La historia mediática del cántabro empieza donde lo hacen sus canciones, pues en su devenir artístico no se contempla por ejemplo el conceder entrevistas ni seguir el tedioso cauce de la promoción tradicional, así que prefiere hablar por boca de lo que escribe y compone. Lo hace con el altavoz de unos lugartenientes entregados y absolutamente brillantes: Lete G. Moreno, rotundo en la batería, Víctor L. Pescador, versátil en la guitarra, y Álex Izquierdo, implacable en el bajo. Un motor de precisión envidiable que pone el ojo en las muchas variantes de la música americana y la llena de detalles preciosistas, discretos y la mayoría de veces necesarios. Una leve psicodelia, matizada en esta ocasión por la ausencia de teclados, suele bañar las interpretaciones lisérgicas, inspiradas por el viento salvaje de la carretera y los sentimientos inacabados, de un disco magnífico editado hace un año. En el recorrido por ese "Camino ácido" se juntan un brumoso "Amanecer caníbal" golpeado con las botas en la introducción con un "Mojo" aún inédito, una "Miss Trueno 86" de inesperada fuerza emocional y (primera parada importante) una invitación a desesperarnos en "El cruce" de los incomprendidos. Hasta aquí, una demostración de fuerza que podría acabar con cualquier concepto de songwriter por muy moderno que sea. Pero hay más, y había que estar ahí para contarlo.

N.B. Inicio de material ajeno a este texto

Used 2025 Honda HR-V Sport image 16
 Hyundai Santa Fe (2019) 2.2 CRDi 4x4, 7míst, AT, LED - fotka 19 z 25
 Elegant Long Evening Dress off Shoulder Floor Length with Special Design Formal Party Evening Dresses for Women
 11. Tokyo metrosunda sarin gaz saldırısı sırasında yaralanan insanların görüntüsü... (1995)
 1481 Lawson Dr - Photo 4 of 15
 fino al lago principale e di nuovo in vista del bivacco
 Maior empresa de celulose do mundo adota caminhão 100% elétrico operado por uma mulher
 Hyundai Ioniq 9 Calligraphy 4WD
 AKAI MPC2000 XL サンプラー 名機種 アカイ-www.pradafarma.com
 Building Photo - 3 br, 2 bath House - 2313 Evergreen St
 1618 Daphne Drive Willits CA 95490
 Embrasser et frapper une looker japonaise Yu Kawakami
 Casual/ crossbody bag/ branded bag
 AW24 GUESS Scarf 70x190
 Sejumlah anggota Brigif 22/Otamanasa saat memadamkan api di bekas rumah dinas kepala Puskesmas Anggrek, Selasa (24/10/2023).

En su máxima discreción pero implacable con los practicantes de esa extraña religión que profesa el uso y disfrute del grito, la conversación banal e inoportuna y el absurdo de asistir a un evento que no te interesa en absoluto, remitió a un conato de silencio apenas correspondido para hundirse a fondo en las sombras de "La noche del coyote" con el aditamento de la armónica y la sensación de luchar contra los elementos. Ya entonces andaba mascullando revisar las desventuras musicadas en "Chinaski" y recuperar, como cada noche, a un oscuro personaje llamado "El outsider", quizá un sosias de él mismo, y fermentar el licor de un jugoso "Mezcalito" bien conservado en las nuevas barricas del rock hispano. Todo ello antes de gritar sin complejos aquello de "Carbura!", bañarse en "El río" que Miguel Ríos visitaba cuando él ni soñaba con subirse a un escenario y disparar en los bises con una gloriosa y dañina "Metralleta Joe". La cosa, como se puede comprobar, dio para mucho, y mucho es lo que se esconde detrás de estos temas, se podría decir que demasiado.
¿Quién esperaba que el fantasma de Donovan, personificado en su inmortal "Hurdy Gurdy", o la mismísima figura de Neil Young, en una sentida inmersión en el "Hey hey, my my", se pasearían por entre los habituales y los curiosos de la sala Hangar para acompañarles en el sentimiento, en este caso de absoluta devoción? Respuesta lógica: Todo lo que salga de la boca, las manos y la cabeza de este hombrecillo puede resultar y resulta totalmente fuera de control. Parece que incluso también fuera del suyo, y por eso lo seguiremos allá donde vaya con el mismo interés con el que él llegó a Córdoba casi sin hacer ruido, demostró que solo hay que querer para poder y nos dejó abandonados a una suerte que nos deparará nuevos y seguramente intensos conciertos que no le llegarán a este a la altura del talón derecho. El izquierdo lo reservamos, como el propio Ángel Stanich, para golpear duro sobre el suelo y recordar que el rock and roll es solo una cuestión de actitud. Y de eso no nos faltará jamás.